The View from the Bottom of the Well (MoMA 568-576)

Estimate
$20,000 - 30,000
$27,720
Lot Details
The complete set of nine drypoints, on Somerset paper, with full margins, lacking the original red cloth-covered portfolio.
1996
I. 8 1/2 x 6 1/4 in. (21.6 x 15.9 cm)
S. 13 1/8 x 10 1/4 in. (33.3 x 26 cm)
All signed with initials and numbered 'PP 5/5' in pencil (printer's proofs, the edition was 25 there were also 10 in Roman numerals), published by Peter Blum Edition, New York, all framed.
Catalogue Essay
"When you are at the bottom of the well, you look around and you say, who is going to get me out? In this case, Jerry [Gorovoy, the artist's assistant,] comes and he presents a rope, and I hook myself on the rope and he pulls me out. You see I can conceive of a way of getting out of the well. I'm not drowning.
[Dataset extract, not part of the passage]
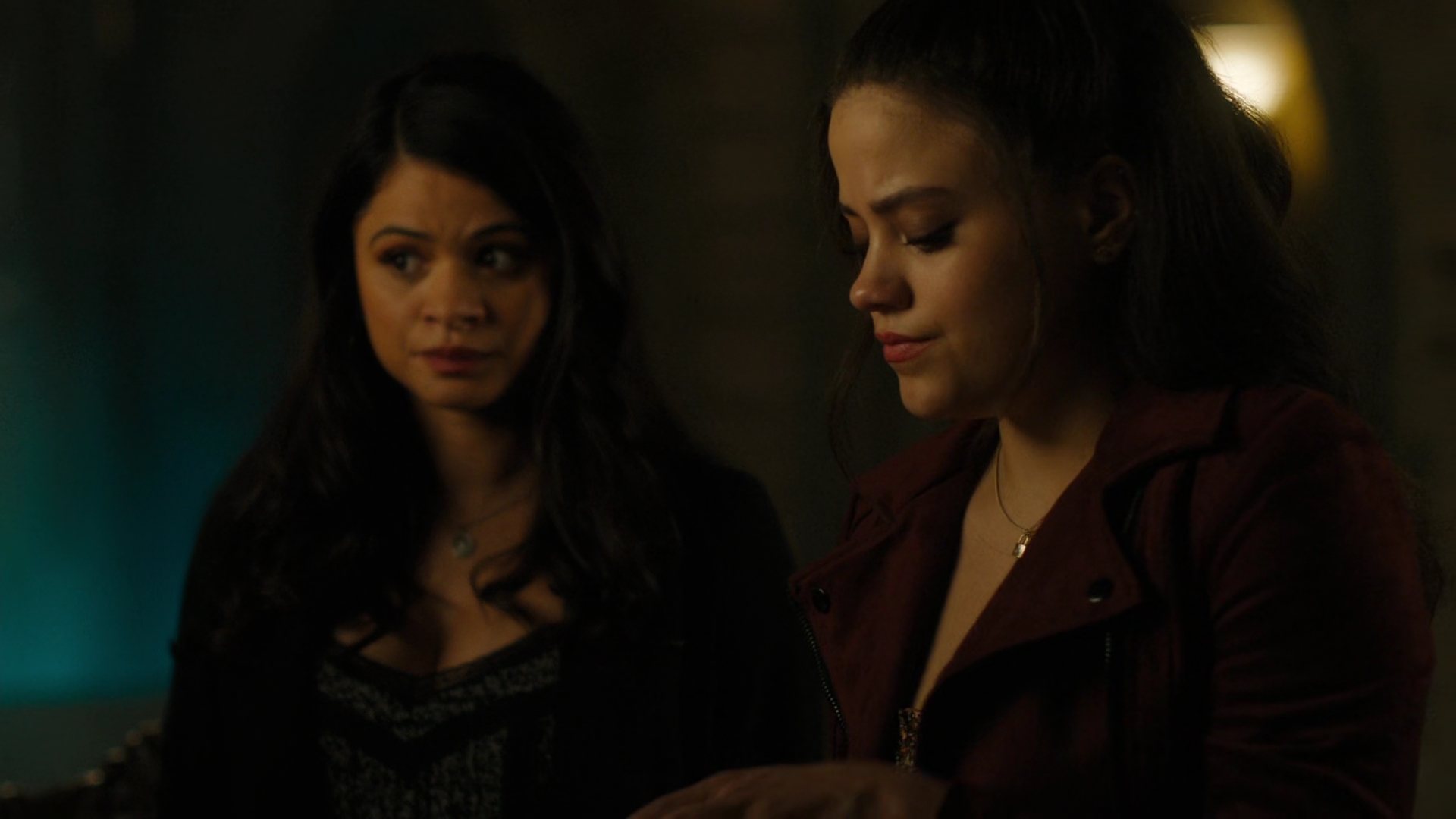 Charmed-Online-dot-nl_Charmed2x02ThingstoDoInSeattleWhenYoureDead01579.jpg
I'm just waiting for somebody." Interview with Lawrence Rinder, 9 May 1995, Frances Morris, Louise Bourgeois, Tate Modern, London, 2007, p. 150

Louise Bourgeois

French-American | B. 1911 D. 2010
Known for her idiosyncratic style, Louise Bourgeois was a pioneering and iconic figure of twentieth and early twenty-first century art. Untied to an art historical movement, Bourgeois was a singular voice, both commanding and quiet.Bourgeois was a prolific printmaker, draftsman, sculptor and painter. She employed diverse materials including metal, fabric, wood, plaster, paper and paint in a range of scale — both monumental and intimate. She used recurring themes and subjects (animals, insects, architecture, the figure, text and abstraction) as form and metaphor to explore the fragility of relationships and the human body. Her artworks are meditations of emotional states: loneliness, jealousy, pride, anger, fear, love and longing.